すなわち、原則的には事業年度終了の日の翌日から2か月以内であり、一定の要件を満たして申告期限の延長の特例の申請をしている法人であれば、3か月以内(連結事業年度にあっては4か月以内)ということになる。
実務上の論点
しかしながら、決算・申告期の業務繁忙により、確定申告期限までに文書化できないことも実務上は想定し得る。そのような場合においては、以下のような対応が考えられる。
実務上の対応
以下にて実務上の対応を解説する。
法制度上の整理
まず、ローカルファイルの同時文書化義務は、上記の通り、確定申告期限までにローカルファイルを「保存」するものとされており、確定申告書とともに「提出」されるものではない。
そして、ローカルファイルの当局への提出は、同時文書化義務対象国外関連取引であれば、税務当局が法人にローカルファイルの提示若しくは提出を求めた場合において、その提示若しくは提出を求めた日から45日以内の調査官の指定する日までに提示若しくは提出することとなる。
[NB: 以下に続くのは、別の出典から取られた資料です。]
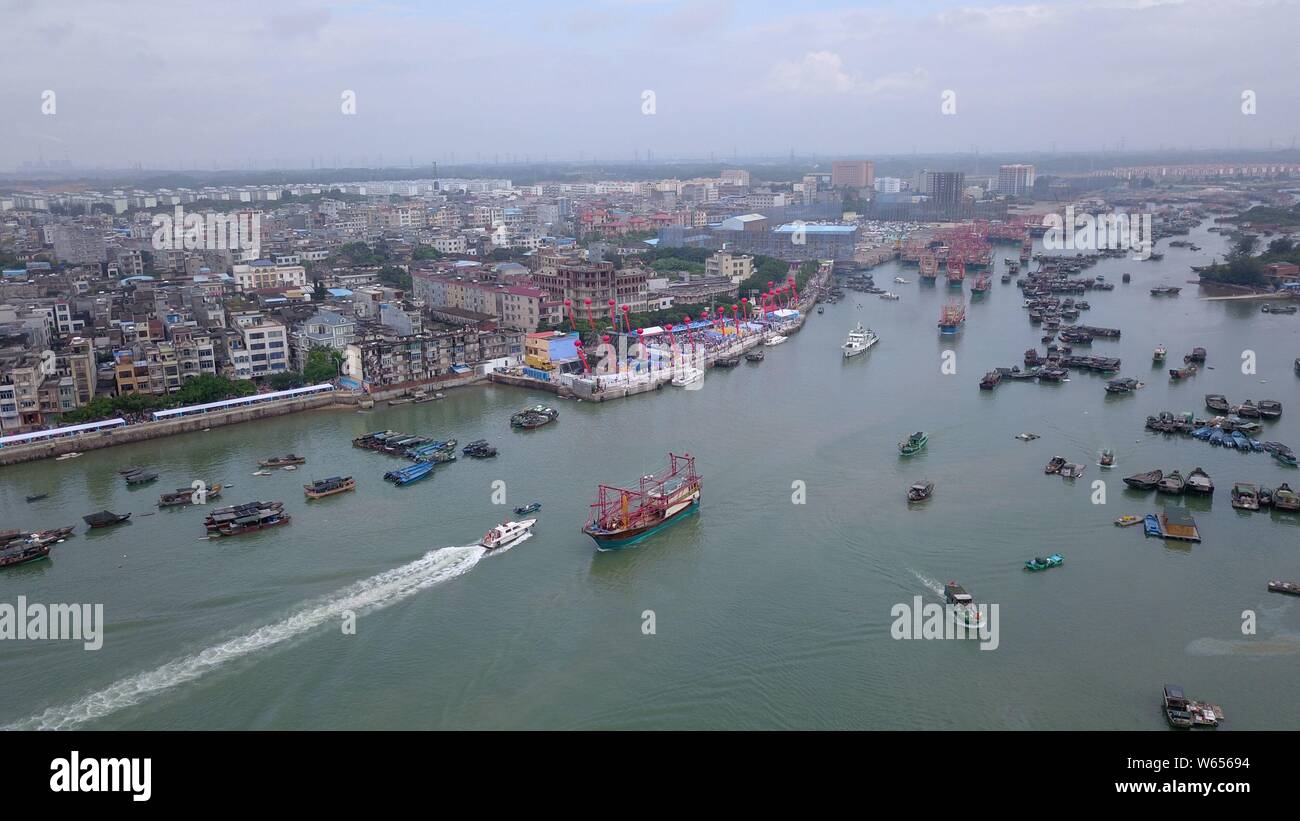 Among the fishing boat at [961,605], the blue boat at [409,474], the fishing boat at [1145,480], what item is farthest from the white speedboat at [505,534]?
the fishing boat at [1145,480]

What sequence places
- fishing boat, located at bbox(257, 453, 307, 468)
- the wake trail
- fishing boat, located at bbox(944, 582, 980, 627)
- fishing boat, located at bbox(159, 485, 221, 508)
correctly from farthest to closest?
fishing boat, located at bbox(257, 453, 307, 468) < fishing boat, located at bbox(159, 485, 221, 508) < fishing boat, located at bbox(944, 582, 980, 627) < the wake trail

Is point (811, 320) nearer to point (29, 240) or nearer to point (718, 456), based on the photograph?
point (718, 456)

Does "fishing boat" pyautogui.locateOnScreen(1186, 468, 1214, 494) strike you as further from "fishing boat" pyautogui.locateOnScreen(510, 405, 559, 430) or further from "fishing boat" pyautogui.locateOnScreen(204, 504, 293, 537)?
"fishing boat" pyautogui.locateOnScreen(204, 504, 293, 537)

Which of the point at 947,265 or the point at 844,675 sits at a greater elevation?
the point at 947,265

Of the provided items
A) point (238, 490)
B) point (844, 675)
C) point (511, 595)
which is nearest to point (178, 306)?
point (238, 490)

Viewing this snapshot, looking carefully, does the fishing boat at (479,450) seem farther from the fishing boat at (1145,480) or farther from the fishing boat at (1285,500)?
the fishing boat at (1285,500)

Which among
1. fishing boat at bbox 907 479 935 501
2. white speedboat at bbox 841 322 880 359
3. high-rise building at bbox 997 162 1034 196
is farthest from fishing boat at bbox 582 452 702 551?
high-rise building at bbox 997 162 1034 196

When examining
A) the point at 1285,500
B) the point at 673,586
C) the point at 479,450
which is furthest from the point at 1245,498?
the point at 479,450

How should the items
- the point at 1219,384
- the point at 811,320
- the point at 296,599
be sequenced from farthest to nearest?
the point at 811,320 < the point at 1219,384 < the point at 296,599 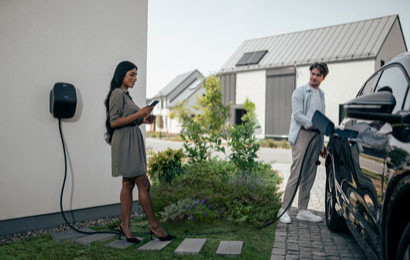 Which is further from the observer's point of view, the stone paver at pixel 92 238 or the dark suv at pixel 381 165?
the stone paver at pixel 92 238

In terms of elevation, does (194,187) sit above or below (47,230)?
above

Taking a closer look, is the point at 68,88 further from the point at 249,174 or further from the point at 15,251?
the point at 249,174

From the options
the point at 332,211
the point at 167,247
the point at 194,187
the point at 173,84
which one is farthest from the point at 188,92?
the point at 167,247

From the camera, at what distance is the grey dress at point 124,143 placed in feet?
12.3

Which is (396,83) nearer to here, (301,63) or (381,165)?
(381,165)

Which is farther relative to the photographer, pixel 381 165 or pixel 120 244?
pixel 120 244

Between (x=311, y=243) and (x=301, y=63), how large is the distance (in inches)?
798

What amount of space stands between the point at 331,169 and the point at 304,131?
0.65 m

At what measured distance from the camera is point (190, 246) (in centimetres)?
369

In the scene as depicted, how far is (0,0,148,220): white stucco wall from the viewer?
4191mm

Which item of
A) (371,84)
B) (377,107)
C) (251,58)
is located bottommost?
(377,107)

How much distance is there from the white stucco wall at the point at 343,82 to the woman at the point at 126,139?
19051 millimetres

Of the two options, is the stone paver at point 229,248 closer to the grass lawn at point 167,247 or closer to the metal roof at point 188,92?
the grass lawn at point 167,247

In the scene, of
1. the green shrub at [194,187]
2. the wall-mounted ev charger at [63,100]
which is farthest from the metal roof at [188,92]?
the wall-mounted ev charger at [63,100]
加えて、同時文書化義務対象国外関連取引について確定申告期限までに保存することができなかったこと自体に対する罰則はない。(ただし、同時文書化免除国外関連取引と同様、推定課税による処分を受けることになり得る点は留意されたい。)
実務対応
従って、納税者としては確定申告までに同時文書化を行えなかった場合には、当局への自主申告などは要しないため、特段のアクションはひとまずは不要となる。
しかしながら、その際に重要なことは、申告型の移転価格制度を採用する本邦において、確定申告の際に当該事業年度の国外関連取引が独立企業間価格で行われ、移転価格税制による加算調整を行わないことの妥当性確認を少なくとも行っておくことである。
また、上述の通り、税務当局から提示若しくは提出を要請された場合には、一定の期限内に提示若しくは提示する必要が出てくることから、可及的速やかにローカルファイルの完成に向けて作業を進めることが肝要である。